Ligado à bossa nova desde o início do movimento, quando dirigiu diversos artistas do gênero no programa Noite de Gala, exibido pela TV Rio, o showman Luís Carlos Miele planeja tributo a Tom Jobim em 2010. Ainda no primeiro semestre, ele pretende viajar pelas principais capitais do País com o espetáculo Um Brasileiro Chamado Jobim, em que se apresenta ao lado da cantora Lenny Andrade.
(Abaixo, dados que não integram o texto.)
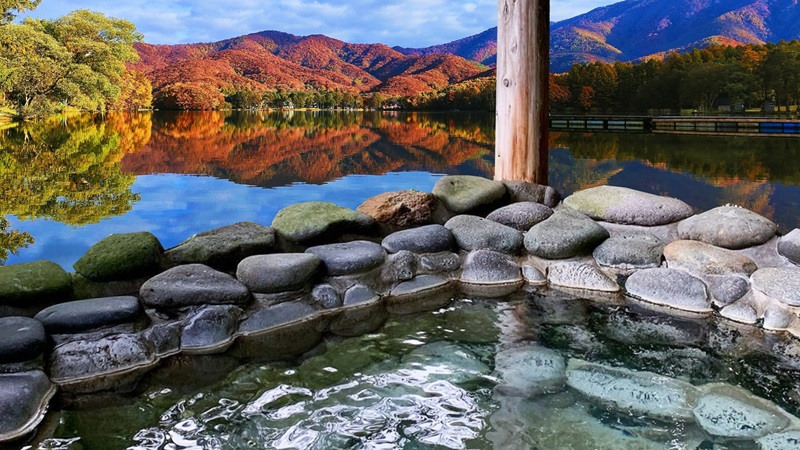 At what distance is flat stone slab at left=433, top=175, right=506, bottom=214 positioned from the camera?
3.74 m

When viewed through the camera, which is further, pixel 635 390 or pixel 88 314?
pixel 88 314

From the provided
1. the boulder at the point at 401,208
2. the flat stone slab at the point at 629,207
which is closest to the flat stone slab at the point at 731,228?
the flat stone slab at the point at 629,207

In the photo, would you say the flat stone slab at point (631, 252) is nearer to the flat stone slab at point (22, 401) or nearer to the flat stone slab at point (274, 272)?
the flat stone slab at point (274, 272)

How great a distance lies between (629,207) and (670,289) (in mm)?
692

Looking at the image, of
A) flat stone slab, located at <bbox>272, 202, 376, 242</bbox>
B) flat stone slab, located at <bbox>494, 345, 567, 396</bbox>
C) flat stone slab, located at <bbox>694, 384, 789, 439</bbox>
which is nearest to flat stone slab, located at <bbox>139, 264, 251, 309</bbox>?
flat stone slab, located at <bbox>272, 202, 376, 242</bbox>

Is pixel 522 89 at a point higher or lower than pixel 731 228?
higher

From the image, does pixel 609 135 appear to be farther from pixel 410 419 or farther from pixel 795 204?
pixel 410 419

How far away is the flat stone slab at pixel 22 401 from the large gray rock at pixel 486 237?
7.13 ft

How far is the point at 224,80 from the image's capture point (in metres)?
12.3

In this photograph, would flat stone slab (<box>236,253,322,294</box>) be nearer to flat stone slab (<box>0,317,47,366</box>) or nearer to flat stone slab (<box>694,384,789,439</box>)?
flat stone slab (<box>0,317,47,366</box>)

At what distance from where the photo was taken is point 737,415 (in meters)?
1.82

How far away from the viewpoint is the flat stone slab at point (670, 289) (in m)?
2.92

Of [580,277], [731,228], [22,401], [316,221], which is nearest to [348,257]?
[316,221]

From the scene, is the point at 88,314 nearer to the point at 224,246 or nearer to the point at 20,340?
the point at 20,340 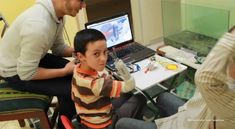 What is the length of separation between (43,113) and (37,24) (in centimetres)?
54

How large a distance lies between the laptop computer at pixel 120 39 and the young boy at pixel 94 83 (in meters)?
0.56

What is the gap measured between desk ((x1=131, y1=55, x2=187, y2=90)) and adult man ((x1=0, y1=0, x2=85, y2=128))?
44cm

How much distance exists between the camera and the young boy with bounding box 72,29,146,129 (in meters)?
1.31

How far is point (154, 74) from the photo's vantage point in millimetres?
1745

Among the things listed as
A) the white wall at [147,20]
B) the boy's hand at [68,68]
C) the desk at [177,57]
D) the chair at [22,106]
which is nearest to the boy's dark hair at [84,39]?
the boy's hand at [68,68]

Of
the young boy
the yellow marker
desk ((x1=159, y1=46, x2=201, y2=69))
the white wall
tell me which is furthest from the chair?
the white wall

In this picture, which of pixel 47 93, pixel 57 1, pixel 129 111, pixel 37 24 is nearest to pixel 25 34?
pixel 37 24

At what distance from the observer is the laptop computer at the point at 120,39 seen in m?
1.96

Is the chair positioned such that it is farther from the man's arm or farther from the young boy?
the young boy

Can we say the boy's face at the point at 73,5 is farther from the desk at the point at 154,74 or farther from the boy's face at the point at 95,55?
the desk at the point at 154,74

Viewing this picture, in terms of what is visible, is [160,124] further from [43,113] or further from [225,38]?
[43,113]

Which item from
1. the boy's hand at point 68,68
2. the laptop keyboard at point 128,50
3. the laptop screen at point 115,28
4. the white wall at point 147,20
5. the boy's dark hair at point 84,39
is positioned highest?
the boy's dark hair at point 84,39

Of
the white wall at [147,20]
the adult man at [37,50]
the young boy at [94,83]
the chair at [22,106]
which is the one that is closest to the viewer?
the young boy at [94,83]

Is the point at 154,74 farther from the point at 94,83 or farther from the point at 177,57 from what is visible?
the point at 94,83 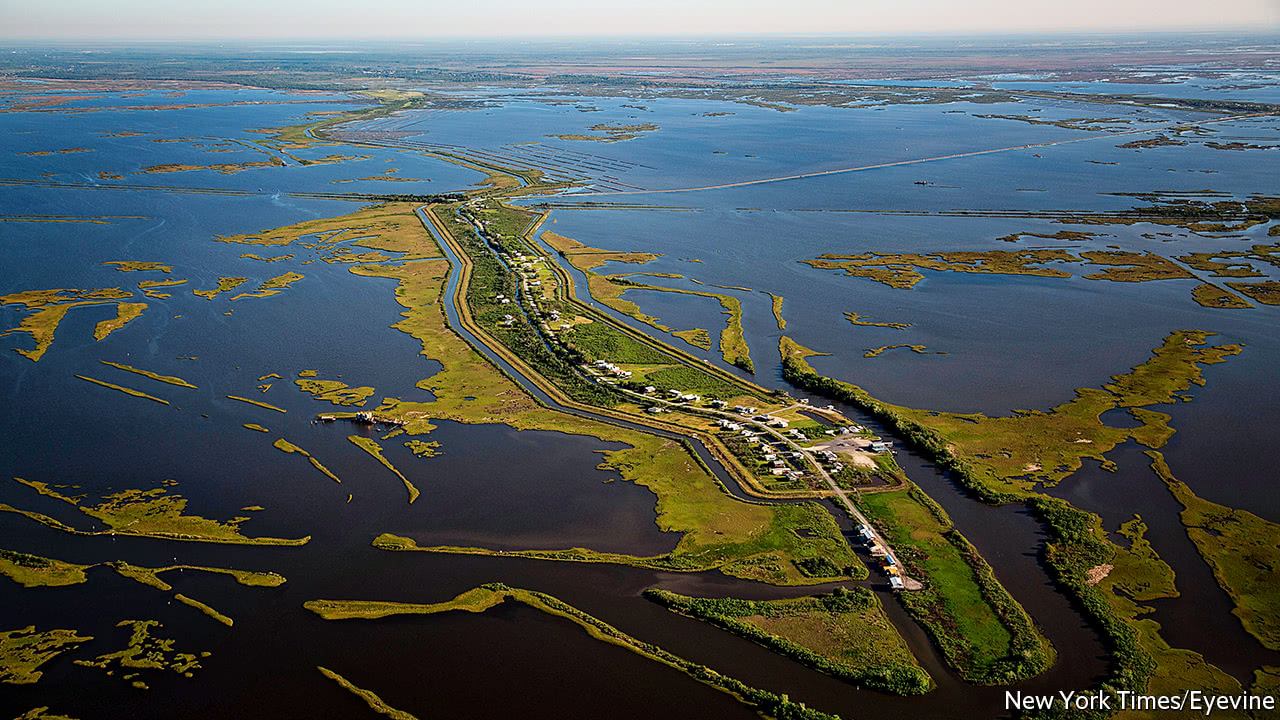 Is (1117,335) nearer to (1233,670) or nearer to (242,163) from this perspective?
(1233,670)

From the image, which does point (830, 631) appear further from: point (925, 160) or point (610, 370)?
point (925, 160)


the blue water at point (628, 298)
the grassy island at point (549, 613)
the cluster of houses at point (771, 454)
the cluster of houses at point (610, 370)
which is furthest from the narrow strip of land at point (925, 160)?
the grassy island at point (549, 613)

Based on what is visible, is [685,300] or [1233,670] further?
[685,300]

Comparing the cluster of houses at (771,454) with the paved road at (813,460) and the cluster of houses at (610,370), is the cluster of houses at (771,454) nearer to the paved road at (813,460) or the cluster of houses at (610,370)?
the paved road at (813,460)

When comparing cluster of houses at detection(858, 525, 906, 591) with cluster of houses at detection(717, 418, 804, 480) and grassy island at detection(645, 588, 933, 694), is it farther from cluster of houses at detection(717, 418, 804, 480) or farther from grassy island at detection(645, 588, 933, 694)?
cluster of houses at detection(717, 418, 804, 480)

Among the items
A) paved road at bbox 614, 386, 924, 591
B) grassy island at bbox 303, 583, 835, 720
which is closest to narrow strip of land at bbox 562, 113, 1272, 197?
paved road at bbox 614, 386, 924, 591

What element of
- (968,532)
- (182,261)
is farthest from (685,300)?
(182,261)

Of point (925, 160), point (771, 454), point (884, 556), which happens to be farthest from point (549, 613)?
point (925, 160)

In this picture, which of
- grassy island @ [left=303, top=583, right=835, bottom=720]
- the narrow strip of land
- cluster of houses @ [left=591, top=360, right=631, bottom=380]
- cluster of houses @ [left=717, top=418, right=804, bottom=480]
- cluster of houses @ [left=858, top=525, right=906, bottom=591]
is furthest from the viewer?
the narrow strip of land

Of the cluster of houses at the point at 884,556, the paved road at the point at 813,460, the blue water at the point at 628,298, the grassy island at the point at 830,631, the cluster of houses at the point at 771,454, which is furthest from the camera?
the cluster of houses at the point at 771,454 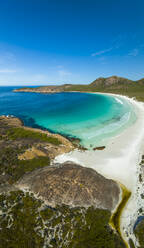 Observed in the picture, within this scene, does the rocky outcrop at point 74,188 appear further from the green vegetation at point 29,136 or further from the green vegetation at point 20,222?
the green vegetation at point 29,136

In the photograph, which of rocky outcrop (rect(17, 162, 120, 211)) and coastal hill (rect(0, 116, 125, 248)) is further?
rocky outcrop (rect(17, 162, 120, 211))

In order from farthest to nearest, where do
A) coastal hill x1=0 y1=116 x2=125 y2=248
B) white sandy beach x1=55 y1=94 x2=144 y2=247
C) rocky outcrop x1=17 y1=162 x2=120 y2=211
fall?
white sandy beach x1=55 y1=94 x2=144 y2=247 < rocky outcrop x1=17 y1=162 x2=120 y2=211 < coastal hill x1=0 y1=116 x2=125 y2=248

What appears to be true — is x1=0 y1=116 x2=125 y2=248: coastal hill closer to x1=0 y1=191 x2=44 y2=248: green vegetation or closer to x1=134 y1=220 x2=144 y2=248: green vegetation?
x1=0 y1=191 x2=44 y2=248: green vegetation

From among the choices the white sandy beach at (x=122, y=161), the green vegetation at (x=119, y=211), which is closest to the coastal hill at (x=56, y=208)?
the green vegetation at (x=119, y=211)

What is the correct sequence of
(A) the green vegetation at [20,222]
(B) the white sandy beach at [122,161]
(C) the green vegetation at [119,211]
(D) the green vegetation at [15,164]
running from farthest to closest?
(D) the green vegetation at [15,164] < (B) the white sandy beach at [122,161] < (C) the green vegetation at [119,211] < (A) the green vegetation at [20,222]

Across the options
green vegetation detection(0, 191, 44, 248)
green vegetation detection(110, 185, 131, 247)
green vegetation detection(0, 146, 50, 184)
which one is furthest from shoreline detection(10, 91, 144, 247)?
green vegetation detection(0, 191, 44, 248)

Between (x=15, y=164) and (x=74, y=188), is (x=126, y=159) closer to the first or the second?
(x=74, y=188) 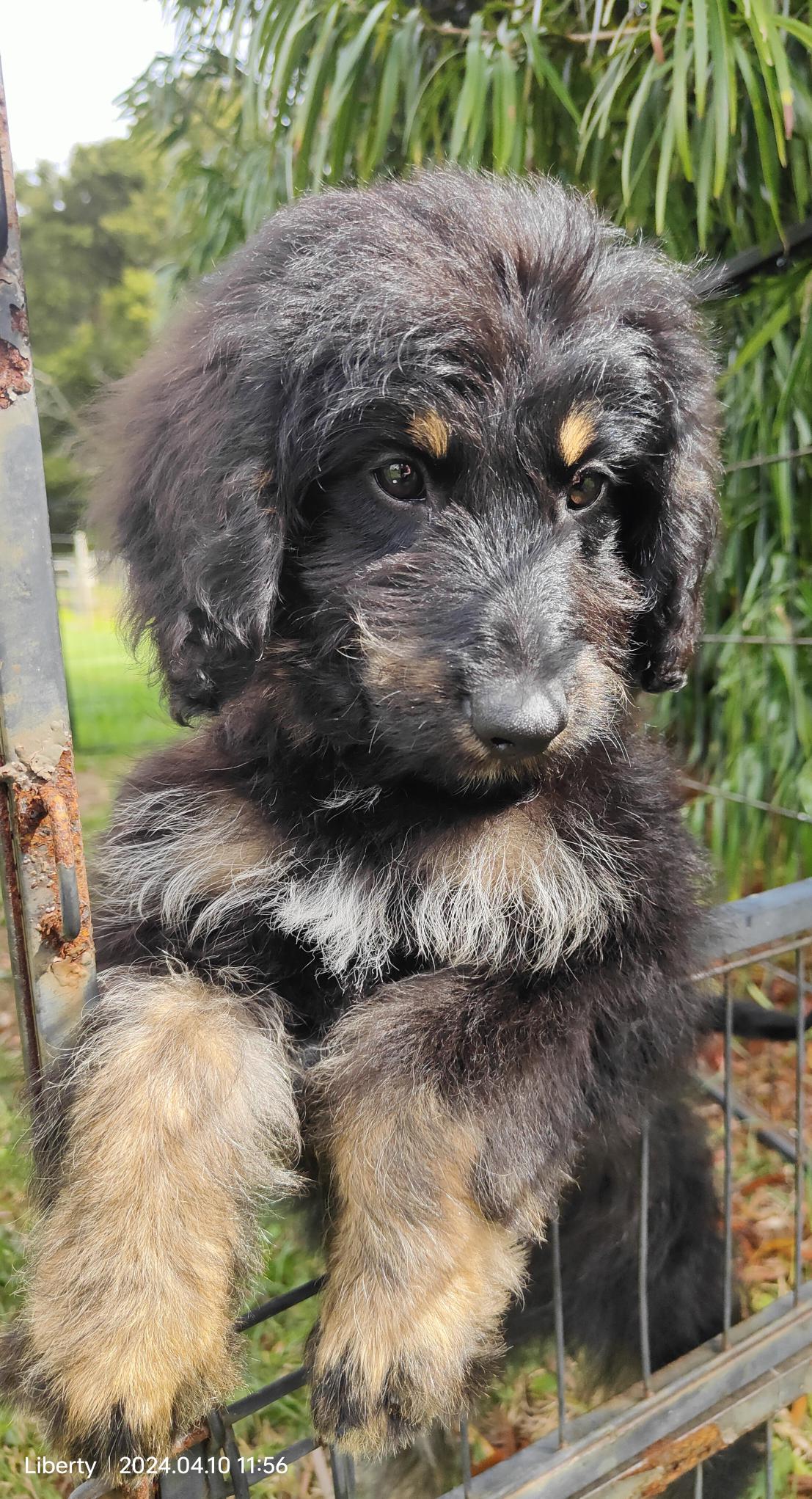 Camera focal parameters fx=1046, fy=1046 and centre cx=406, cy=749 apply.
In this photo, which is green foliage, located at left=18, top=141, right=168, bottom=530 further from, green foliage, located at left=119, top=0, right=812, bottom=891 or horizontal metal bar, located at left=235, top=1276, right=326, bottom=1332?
horizontal metal bar, located at left=235, top=1276, right=326, bottom=1332

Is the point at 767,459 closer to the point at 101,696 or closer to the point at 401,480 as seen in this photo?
the point at 401,480

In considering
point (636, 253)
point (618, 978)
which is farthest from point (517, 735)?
point (636, 253)

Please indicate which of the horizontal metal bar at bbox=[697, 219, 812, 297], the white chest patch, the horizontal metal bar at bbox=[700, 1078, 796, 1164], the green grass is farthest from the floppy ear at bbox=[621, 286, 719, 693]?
the green grass

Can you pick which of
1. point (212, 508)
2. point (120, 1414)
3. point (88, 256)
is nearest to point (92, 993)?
point (120, 1414)

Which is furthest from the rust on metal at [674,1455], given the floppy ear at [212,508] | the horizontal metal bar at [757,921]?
the floppy ear at [212,508]

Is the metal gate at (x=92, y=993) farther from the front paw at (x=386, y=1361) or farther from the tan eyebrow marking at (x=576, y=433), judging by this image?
the tan eyebrow marking at (x=576, y=433)

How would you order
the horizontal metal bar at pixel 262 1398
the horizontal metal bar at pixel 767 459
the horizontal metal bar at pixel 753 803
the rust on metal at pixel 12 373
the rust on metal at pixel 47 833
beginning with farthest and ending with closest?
the horizontal metal bar at pixel 753 803 < the horizontal metal bar at pixel 767 459 < the horizontal metal bar at pixel 262 1398 < the rust on metal at pixel 47 833 < the rust on metal at pixel 12 373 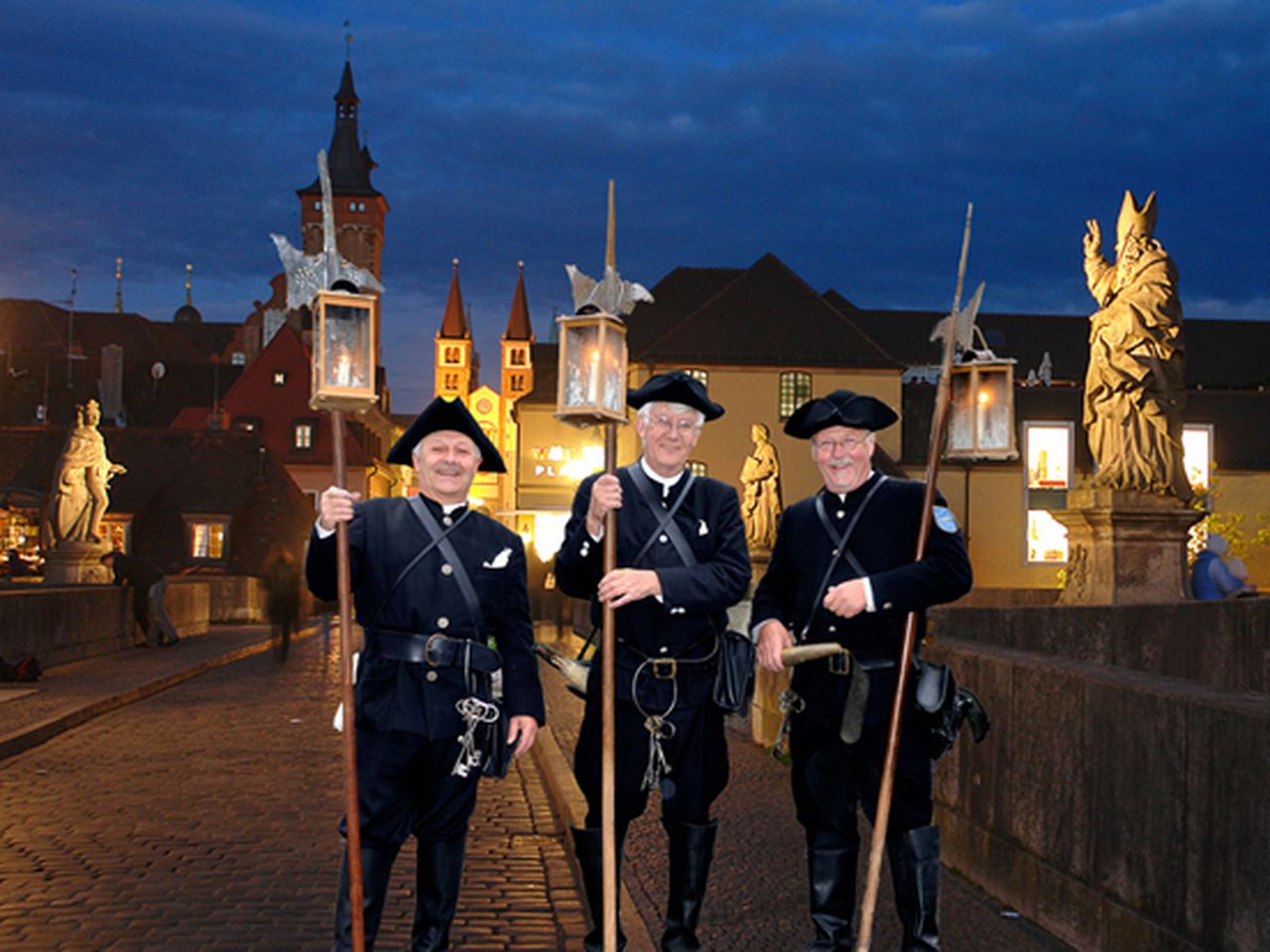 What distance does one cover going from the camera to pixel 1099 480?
15.1 m

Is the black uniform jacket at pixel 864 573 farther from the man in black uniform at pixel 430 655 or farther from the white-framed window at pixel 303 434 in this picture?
the white-framed window at pixel 303 434

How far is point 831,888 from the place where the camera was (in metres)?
5.30

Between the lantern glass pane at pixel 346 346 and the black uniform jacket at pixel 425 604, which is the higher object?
the lantern glass pane at pixel 346 346

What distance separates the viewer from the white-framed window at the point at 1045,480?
50031mm

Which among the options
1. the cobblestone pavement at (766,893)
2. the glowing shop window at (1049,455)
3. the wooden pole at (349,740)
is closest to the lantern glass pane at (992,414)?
the cobblestone pavement at (766,893)

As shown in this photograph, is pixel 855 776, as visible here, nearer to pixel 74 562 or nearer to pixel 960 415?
pixel 960 415

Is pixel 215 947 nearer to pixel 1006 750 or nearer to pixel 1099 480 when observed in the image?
pixel 1006 750

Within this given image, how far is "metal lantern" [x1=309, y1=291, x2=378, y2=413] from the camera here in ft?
16.6

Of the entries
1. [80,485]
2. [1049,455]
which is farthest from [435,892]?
[1049,455]

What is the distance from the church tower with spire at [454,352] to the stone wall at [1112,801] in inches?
4929

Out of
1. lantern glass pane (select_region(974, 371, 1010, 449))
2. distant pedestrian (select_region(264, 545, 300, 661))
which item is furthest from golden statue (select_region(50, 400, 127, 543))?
lantern glass pane (select_region(974, 371, 1010, 449))

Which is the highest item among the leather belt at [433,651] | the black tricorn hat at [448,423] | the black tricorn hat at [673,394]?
the black tricorn hat at [673,394]

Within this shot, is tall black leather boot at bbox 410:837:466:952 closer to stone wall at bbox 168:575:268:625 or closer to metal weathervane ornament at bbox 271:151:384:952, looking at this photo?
metal weathervane ornament at bbox 271:151:384:952

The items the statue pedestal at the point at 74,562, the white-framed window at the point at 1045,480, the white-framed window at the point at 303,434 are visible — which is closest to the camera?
the statue pedestal at the point at 74,562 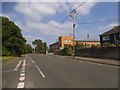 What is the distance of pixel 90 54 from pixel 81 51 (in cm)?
491

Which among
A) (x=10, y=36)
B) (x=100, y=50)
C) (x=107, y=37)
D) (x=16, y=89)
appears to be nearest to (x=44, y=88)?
(x=16, y=89)

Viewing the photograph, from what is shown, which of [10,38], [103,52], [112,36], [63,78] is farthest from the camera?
[112,36]

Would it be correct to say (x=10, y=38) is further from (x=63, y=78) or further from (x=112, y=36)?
(x=112, y=36)

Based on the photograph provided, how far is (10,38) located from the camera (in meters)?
34.9

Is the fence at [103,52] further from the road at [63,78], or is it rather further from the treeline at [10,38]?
the treeline at [10,38]

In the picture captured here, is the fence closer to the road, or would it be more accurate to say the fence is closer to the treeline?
the road

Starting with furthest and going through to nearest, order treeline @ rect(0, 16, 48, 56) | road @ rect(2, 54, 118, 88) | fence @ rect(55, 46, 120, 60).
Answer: treeline @ rect(0, 16, 48, 56) → fence @ rect(55, 46, 120, 60) → road @ rect(2, 54, 118, 88)

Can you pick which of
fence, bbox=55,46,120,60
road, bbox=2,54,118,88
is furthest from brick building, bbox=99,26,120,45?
road, bbox=2,54,118,88

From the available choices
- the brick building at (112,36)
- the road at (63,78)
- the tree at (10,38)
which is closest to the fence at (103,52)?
the road at (63,78)

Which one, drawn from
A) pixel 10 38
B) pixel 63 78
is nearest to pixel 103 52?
pixel 63 78

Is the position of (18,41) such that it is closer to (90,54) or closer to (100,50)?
(90,54)

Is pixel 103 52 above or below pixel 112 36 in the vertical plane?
below

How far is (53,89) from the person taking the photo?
509 centimetres

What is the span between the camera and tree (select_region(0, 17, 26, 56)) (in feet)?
112
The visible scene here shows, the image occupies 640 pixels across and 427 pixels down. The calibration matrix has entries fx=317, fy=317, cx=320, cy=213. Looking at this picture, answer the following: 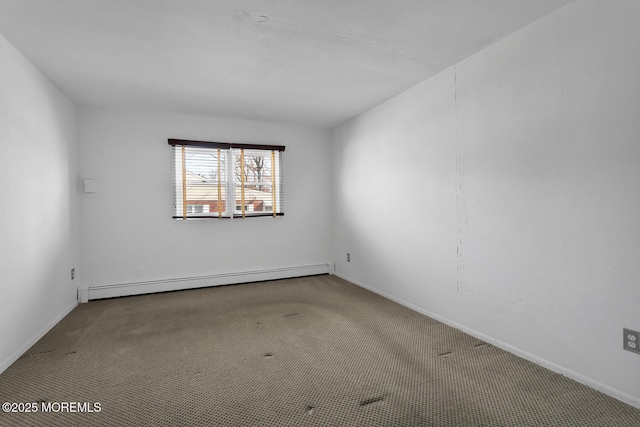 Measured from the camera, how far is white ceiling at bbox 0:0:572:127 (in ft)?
6.99

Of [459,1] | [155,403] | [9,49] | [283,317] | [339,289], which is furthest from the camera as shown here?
[339,289]

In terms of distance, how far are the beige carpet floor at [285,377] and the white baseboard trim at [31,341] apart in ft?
0.15

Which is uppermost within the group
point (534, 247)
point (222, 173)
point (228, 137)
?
point (228, 137)

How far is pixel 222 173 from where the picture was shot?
4.76 meters

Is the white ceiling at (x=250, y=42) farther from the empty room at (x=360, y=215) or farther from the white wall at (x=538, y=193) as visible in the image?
the white wall at (x=538, y=193)

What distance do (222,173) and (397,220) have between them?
2.66m

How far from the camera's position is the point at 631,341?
73.9 inches

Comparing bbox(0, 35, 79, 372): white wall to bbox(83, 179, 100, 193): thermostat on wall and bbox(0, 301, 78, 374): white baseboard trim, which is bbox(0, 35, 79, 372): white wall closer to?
bbox(0, 301, 78, 374): white baseboard trim

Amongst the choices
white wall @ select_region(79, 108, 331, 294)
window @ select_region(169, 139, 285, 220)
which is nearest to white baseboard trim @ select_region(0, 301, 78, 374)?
white wall @ select_region(79, 108, 331, 294)

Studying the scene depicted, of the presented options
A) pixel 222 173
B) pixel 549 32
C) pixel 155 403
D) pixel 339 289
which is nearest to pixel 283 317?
pixel 339 289

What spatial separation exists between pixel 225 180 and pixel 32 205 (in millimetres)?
2294

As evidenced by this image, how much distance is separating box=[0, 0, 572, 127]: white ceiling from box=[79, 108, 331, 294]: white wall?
623 mm

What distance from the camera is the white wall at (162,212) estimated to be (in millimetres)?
4191

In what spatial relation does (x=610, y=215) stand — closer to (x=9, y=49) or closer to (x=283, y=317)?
(x=283, y=317) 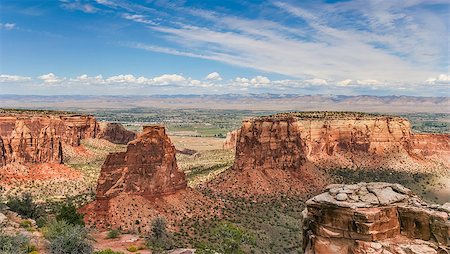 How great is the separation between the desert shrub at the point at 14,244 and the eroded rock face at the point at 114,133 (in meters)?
96.8

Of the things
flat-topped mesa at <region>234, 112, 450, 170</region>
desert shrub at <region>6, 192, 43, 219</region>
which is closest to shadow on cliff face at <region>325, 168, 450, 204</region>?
flat-topped mesa at <region>234, 112, 450, 170</region>

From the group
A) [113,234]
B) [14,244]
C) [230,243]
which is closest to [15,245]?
[14,244]

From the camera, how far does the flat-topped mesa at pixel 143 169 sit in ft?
148

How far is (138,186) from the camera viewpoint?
46.3 meters

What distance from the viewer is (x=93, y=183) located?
221ft

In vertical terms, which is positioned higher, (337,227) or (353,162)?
(337,227)

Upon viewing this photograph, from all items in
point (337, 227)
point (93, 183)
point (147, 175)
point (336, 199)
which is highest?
point (336, 199)

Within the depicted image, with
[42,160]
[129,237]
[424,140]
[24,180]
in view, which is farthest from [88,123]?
[424,140]

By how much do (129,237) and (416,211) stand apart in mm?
27929

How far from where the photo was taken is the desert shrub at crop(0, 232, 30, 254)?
79.5 feet

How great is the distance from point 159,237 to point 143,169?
10518 millimetres

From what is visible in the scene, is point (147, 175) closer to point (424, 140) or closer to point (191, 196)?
point (191, 196)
O repertório é baseado em composições menos conhecidas da extensa obra do artista. "Todo mundo que faz homenagens sente-se na obrigação de mostrar os standards. Nós faremos diferente e o show terá músicas como Olha pro Céu e Fotografia", conta Miele.

Entre uma canção e outra, o entertainer relembra passagens marcantes da trajetória do homenageado. Na abertura, recorda o fascínio de Jobim pelos pássaros, com a leitura do texto impresso no encarte do álbum Urubu (1975).

"O urubu é muito feio, mas do jeito que ele escrevia parecia muito bonito. Às vezes, o Tom chamava um amigo às 5h para ver os urubus levantarem voo no sopé do Corcovado", comenta.

No bis, Miele e Lenny entrarão vestindo chapéu Panamá, uma das marcas registradas de Jobim, assim como o charuto e o gosto pelo chope e o uísque. "No restaurante Plataforma, no Leblon, que ele frequentava com os atores José Lewgoy, Hugo Carvana e Antônio Pedro, o chope não era da marca que ele bebia. Então, compraram barris de outra marca e serviam só para o Tom, sem que ninguém soubesse."